Main      Site Guide    
Message Forum
Re: Kosher Shakespeare?
Posted By: Paul A., on host 130.95.128.6
Date: Monday, September 13, 1999, at 04:56:53
In Reply To: Re: Kosher Shakespeare? posted by unipeg on Sunday, September 12, 1999, at 07:49:00:

> > ["Shaksper" is the Stratford businessman/London actor. So is "Stratford Willy" - I'm not convinced
> > that the spelling of his surname matters that much.
> > "de Vere" is Edward de Vere, seventeenth Earl of Oxford.
> > "Shakespeare" is the playwright, whoever he was.]

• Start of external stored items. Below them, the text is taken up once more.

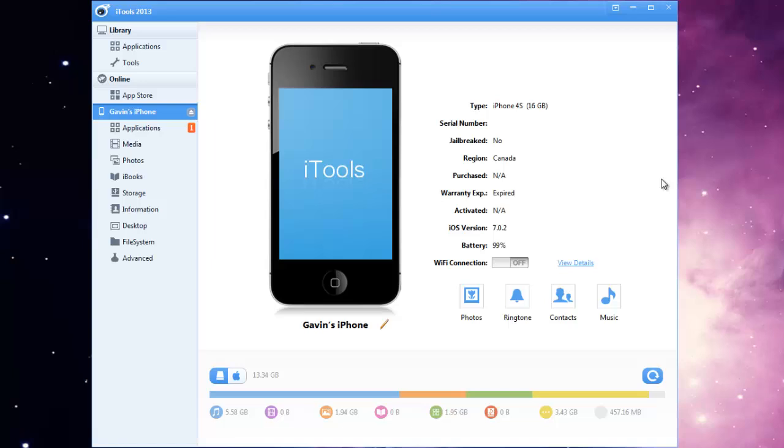Then you're just going to download a program called iTools, I'll put a link in the description. It's a free program and it's pretty small and it works really well actually.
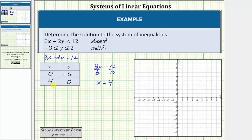Let's go ahead and plot these two points on the coordinate plane and graph the dashed line. So zero comma negative 6 is this point on the y-axis, and four comma zero is this point on the x-axis. Now we'll graph a dashed line passing through these two points.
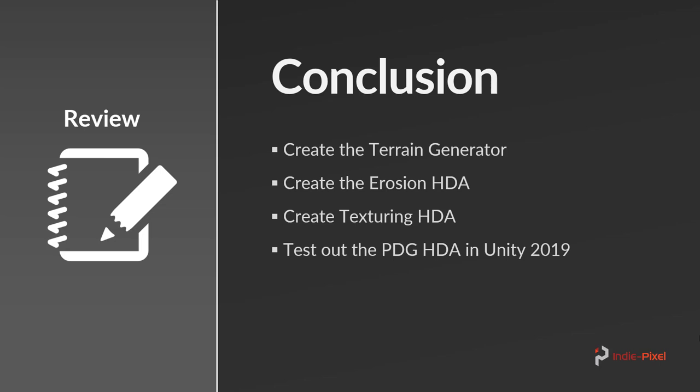We also wanted to learn a little bit about how the asset links work for PDG and the Houdini Engine inside of Unity 2019. So let's keep moving forward.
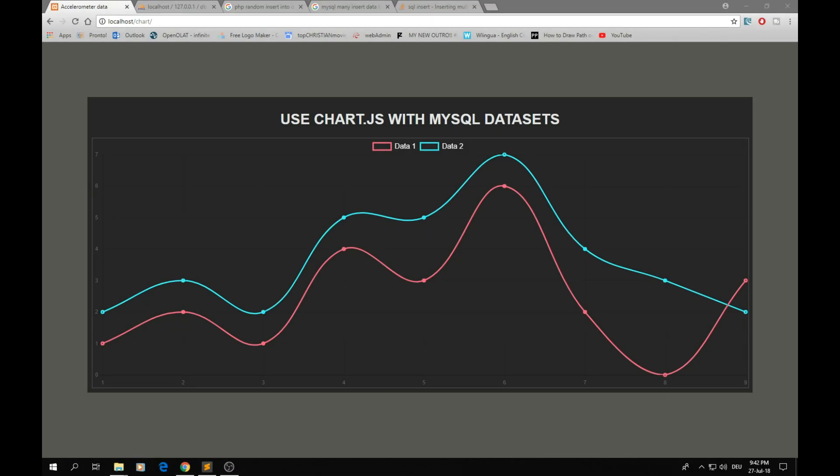Hello guys and welcome to this new video on Medico channel. Today I'm going to show you how you can use Chart.js with MySQL database. We're also going to see how you can generate more than one chart on your screen. So let's get started.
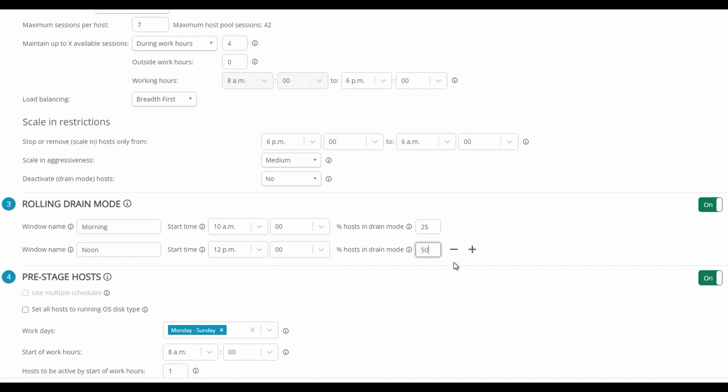And finally, for this example, we can set another one for 5pm at the end of day and put 75% of our session hosts into drain mode.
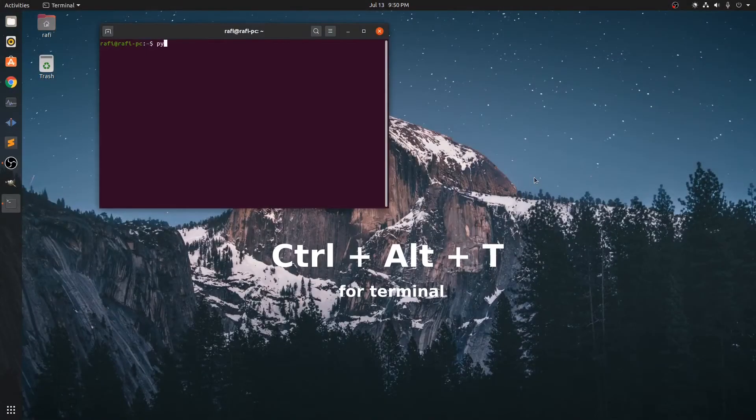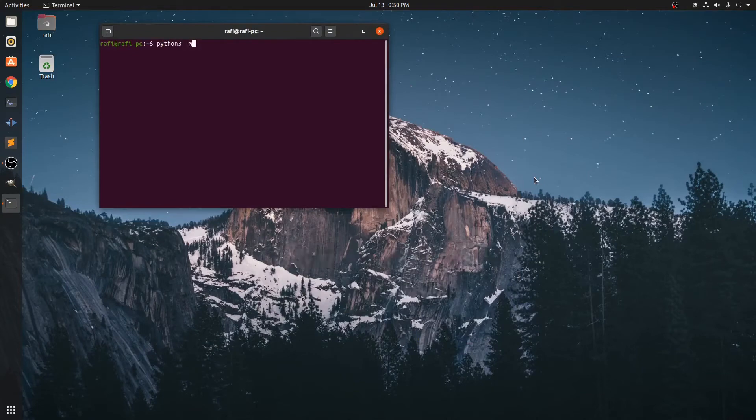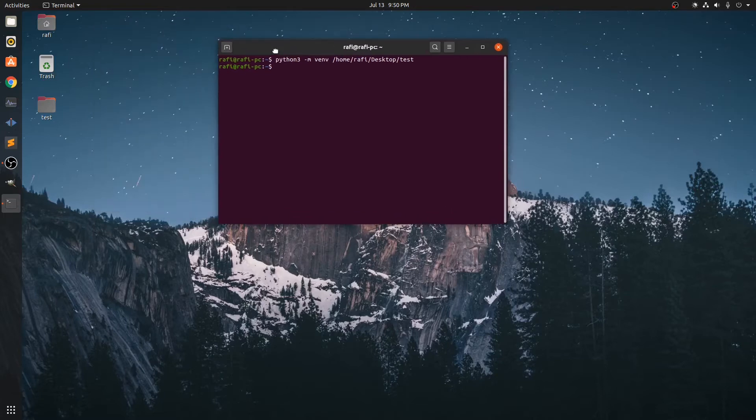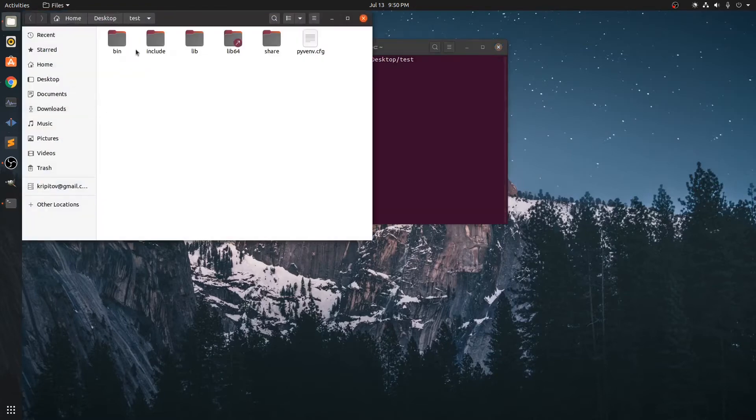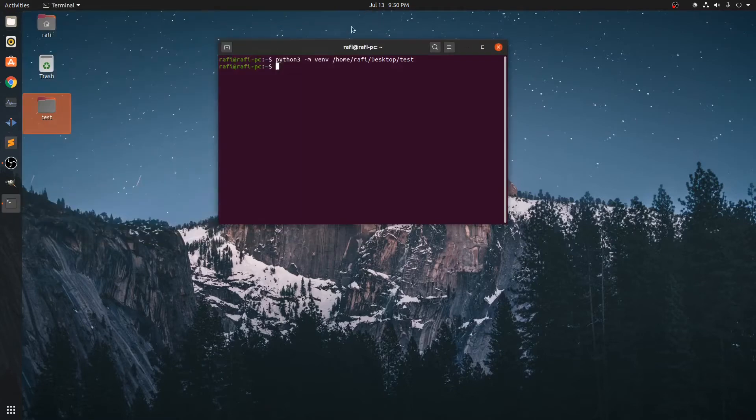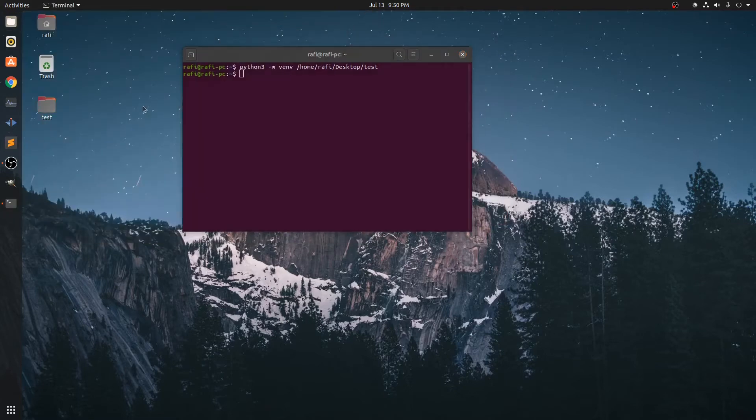In Ubuntu we will fire up the terminal by Ctrl+Alt+T and we are going to write python3 -m venv the location of the venv module and we are going to name it test. It is kept on our desktop and you can see that it already created the virtual environment file.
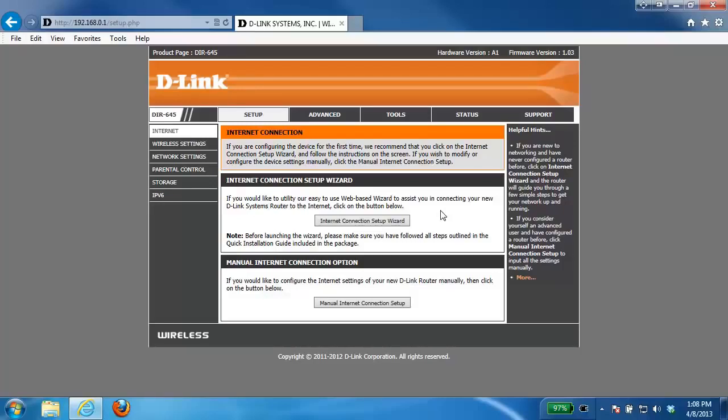Once you've accessed the web interface of the router, you want to click on the setup tab at the top and then click wireless settings on the left hand side.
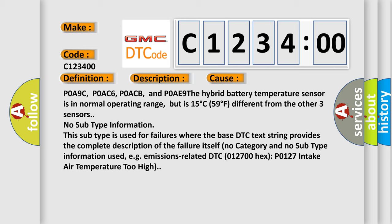No subtype information. This subtype is used for failures where the base DTC text string provides the complete description of the failure itself, no category and no subtype information used. For example, emissions related DTC 012700, P0127 intake air temperature too high.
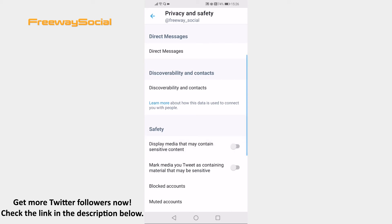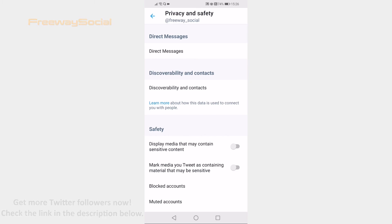Done! I hope this guide was helpful and you are able to not display sensitive posts on Twitter mobile. Don't forget to like this video and visit us at FreewaySocial.com.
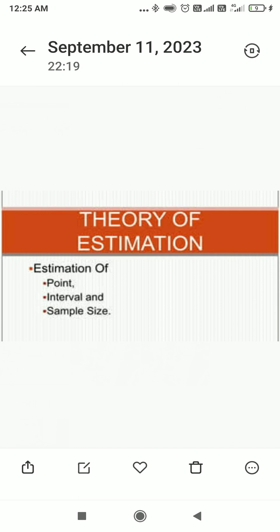The theory of estimation deals with the estimation of population parameters like mean, variance, proportions, and correlation coefficients. These are estimated by using sample statistics. The theory of estimation was developed by Professor R.A. Fisher in the year 1930.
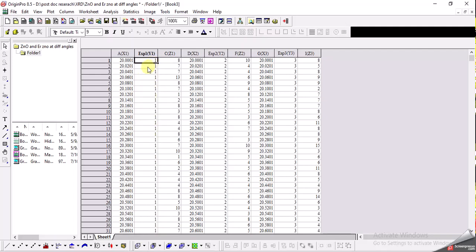I also tried writing down the name of the sample in the y-column but it didn't work and it did not plot. The key point is that you always need to write a numerical value in this column in order to plot a 3D graph.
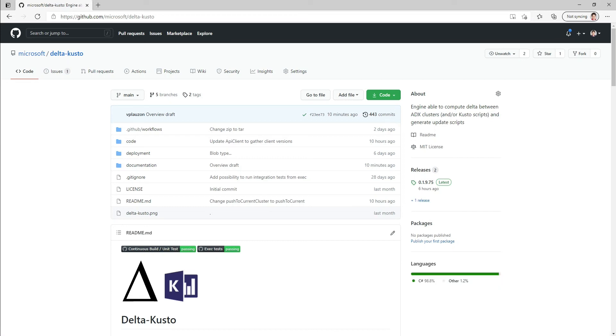Hey, this is a tutorial on DeltaCusto, an overview of its capacity.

> > > he travelled extensively
> >
> > Did Stratford Willy not?
>
> considering his position in life at the time, probably not

But, again, we don't know for sure.


> > > and had connections with the English court,
> >
> > Did Stratford Willy not?
>
> again, probably not

Weren't some of the plays written for the court?

Whoops. Silly me. Circular reasoning. Sorry.


> > > as well as 2 master's degrees and background in law.
> >
> > Why is a background in law important?
>
> hm, i'm not sure.... maybe it isn't

Something I found when I was glancing through _The Shakespeare Conspiracy_:

"In 1859 Lord Chief Justice Campbell was asked if he thought the legal references in the plays meant that Shakespeare had at one time been a laywer. In reply, Campbell stated that the legal knowledge was evident, but no more than should be expected from someone who had spent time 'in the office of a county attorney in good business'. The Shakespeare of Stratford could certainly have acquired such knowledge. One of the few facts known about the Stratford Shakespeare is his involvement in numerous legal matters. In fact, a considerable knowledge of legal terminology and court proceedings could have been gained by almost anyone; at a time when entertainment was sparse, the law courts drew large crowds of spectators.
"[...] In 1913 J.M. Robertson's _The Baconian Heresy_ was published. Robertson spent five years in a lawyer's office, in his spare time, comparing Shakespeare with other contemporary playwrights, searching for legal references. He was able to demonstrate that the playwrights Robert Greene, Thomas Nashe, and Philip Massinger often used precisely the same legal phraseology as Shakespeare, and that Ben Jonson used much more. As these playwrights had no formal legal training, the argument that the author (whoever it was) of the Shakespeare plays *must* be a trained lawyer was invalidated.
"A strong case *against* the plays being written by an important lawyer was made by barrister W.C. Devecmon (_Re Shakespeare's Legal Acquirements_), when he criticised the trial scene from _The Merchant of Venice_ as good theatre but legal nonsense. He contrasted this with John Webster's realistic handling of trial scenes in three of his plays. Moreover, Devecmon stressed that Webster employed 'more legal expression, some of them highly technical, and all correctly used, than any single one of Shakespeare's works'."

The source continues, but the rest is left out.